-------- MATERIAL FOR THIS EXERCISE --------

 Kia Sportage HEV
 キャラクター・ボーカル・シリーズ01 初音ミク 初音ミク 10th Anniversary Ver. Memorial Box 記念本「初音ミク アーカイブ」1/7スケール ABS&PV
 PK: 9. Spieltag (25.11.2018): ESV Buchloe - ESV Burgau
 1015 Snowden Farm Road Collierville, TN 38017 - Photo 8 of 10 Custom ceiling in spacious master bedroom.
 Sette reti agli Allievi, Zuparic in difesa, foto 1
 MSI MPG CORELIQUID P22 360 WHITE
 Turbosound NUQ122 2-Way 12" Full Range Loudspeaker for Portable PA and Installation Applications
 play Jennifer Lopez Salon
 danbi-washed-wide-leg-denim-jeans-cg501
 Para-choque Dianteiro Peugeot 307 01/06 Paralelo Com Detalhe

--------

--- TASK BRIEF ---
Copy out exactly the lines running from the line with "1015 Snowden Farm" to the end of the records, inclusive.

--- RESPONSE AREA ---
 1015 Snowden Farm Road Collierville, TN 38017 - Photo 8 of 10 Custom ceiling in spacious master bedroom.
 Sette reti agli Allievi, Zuparic in difesa, foto 1
 MSI MPG CORELIQUID P22 360 WHITE
 Turbosound NUQ122 2-Way 12" Full Range Loudspeaker for Portable PA and Installation Applications
 play Jennifer Lopez Salon
 danbi-washed-wide-leg-denim-jeans-cg501
 Para-choque Dianteiro Peugeot 307 01/06 Paralelo Com Detalhe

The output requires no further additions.